BP agrees to help state on gasline development

BP agrees to help state on gasline development

Alaska still has one partner in its $45 billion liquefied natural gas export project.

BP and the Alaska Gasline Development Corp. announced an agreement of cooperation Jan. 23 “to collaborate in the development” of financing and customer contracts for the Alaska LNG Project, according to an AGDC press release.

The agreement comes less than a month after the state-owned corporation, BP, ConocoPhillips and ExxonMobil finalized a deal to transfer more than $500 million worth of early engineering and regulatory work done on the project under the former, four-party participation structure.

That left AGDC to lead the federal permitting process for the megaproject that has been challenged by an oversupplied world LNG market.

AGDC President Keith Meyer said in the release that “BP’s input will be invaluable” as the project proponents seek customers to underpin financing.

This will be a pivotal year for the long-term project, as AGDC leaders and Gov. Bill Walker have said it will be spent determining if there is a market for Alaska’s North Slope natural gas.

AGDC is also hoping to submit its environmental impact statement application to the Federal Energy Regulatory Commission by June, kicking off 18 to 24 months of permitting and regulatory review.

Getting a timely — and favorable —decision from FERC will be critical to get the project producing LNG by 2025. A mid-2020s startup would meet the “market window” Meyer and the governor contend is available to the Alaska LNG Project as global demand increases and large contracts other LNG suppliers have with Asian buyers begin to expire in number.

Walker and Meyer have taken ample criticism for the state takeover of the project. Opponents, including legislators from both parties, have questioned the state’s technical and fiscal capacities to manage one of the largest infrastructure projects in the nation’s history while mired in $3 billion-plus annual budget deficits.

BP put its moral support behind the governor’s plan during an August legislative update on the Alaska LNG Project, saying the company’s portion of the 35 trillion cubic feet, or tcf, of North Slope natural gas is the largest undeveloped resource in its global portfolio with 1 billion barrels of oil equivalent.

ConocoPhillips and ExxonMobil reiterated their willingness to sell gas into the state’s project during Jan. 23 House and Senate Resource Committee hearings on the project but, for now anyway, will remain at arm’s length when it comes to paying for and building the 800-mile underground gas pipeline with a gas treatment and LNG plant at each end.

BP Alaska Vice President of Commercial Ventures Damian Bilbao testified during the hearings that the company would commit staff and resources to the project as well as consult on the hiring of third-party contractors under the cooperation agreement signed a day prior.

Bilbao did not specify BP’s exact levels of contribution, but House Resources co-chair Rep.
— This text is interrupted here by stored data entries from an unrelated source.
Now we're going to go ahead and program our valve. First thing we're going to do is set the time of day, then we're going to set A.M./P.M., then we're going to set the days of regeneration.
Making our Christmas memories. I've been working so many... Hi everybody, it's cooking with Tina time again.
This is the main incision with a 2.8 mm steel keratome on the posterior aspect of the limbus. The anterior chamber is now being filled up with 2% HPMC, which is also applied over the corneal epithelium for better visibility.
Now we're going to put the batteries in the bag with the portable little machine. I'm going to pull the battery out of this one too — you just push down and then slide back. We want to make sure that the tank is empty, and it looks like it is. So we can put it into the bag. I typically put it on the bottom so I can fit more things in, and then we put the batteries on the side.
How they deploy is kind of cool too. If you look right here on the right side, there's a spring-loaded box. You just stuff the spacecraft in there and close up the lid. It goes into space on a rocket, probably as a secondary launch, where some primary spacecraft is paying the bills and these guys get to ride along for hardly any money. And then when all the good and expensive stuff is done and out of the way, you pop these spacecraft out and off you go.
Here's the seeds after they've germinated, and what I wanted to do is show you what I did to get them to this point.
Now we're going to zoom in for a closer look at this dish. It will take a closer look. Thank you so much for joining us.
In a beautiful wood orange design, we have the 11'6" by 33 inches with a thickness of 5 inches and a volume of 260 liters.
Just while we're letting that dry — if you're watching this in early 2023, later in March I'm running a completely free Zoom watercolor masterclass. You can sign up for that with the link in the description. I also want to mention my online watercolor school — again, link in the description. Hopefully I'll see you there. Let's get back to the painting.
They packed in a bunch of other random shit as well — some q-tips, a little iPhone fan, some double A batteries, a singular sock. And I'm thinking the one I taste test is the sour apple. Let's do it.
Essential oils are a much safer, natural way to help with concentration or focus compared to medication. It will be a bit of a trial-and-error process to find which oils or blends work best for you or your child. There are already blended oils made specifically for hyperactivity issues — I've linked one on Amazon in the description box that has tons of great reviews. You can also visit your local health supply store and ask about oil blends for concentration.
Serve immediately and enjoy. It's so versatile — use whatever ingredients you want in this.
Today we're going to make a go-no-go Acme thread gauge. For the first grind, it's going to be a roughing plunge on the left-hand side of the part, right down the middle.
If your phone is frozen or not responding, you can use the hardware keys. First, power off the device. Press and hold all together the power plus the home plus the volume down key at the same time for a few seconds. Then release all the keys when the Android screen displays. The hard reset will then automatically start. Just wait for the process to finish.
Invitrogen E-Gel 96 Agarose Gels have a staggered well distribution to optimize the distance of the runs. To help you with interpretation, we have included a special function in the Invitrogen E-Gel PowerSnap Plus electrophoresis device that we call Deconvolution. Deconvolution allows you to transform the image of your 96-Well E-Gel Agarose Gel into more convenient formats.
Geran Tarr, an Anchorage Democrat, said during a Jan. 24 press conference that she was told BP would be open to funding 21 percent of project costs under the agreement, which would be equal to the company’s share under the previous joint-venture iteration of project ownership — also its equity stake in North Slope gas resources available to the project.

AGDC Vice President of Program Management Frank Richards said to the committees that the corporation has $104 million remaining in funds set aside by the Legislature for Alaska LNG and the smaller Alaska Standalone Pipeline, or ASAP, the corporation’s first project mission, and would not be requesting further funding for the large project in 2017.

While AGDC already has money for pursuing the projects, the corporation’s operating budget — $10.3 million this fiscal year — covering personnel, office leases and employee travel must still be authorized by the Legislature.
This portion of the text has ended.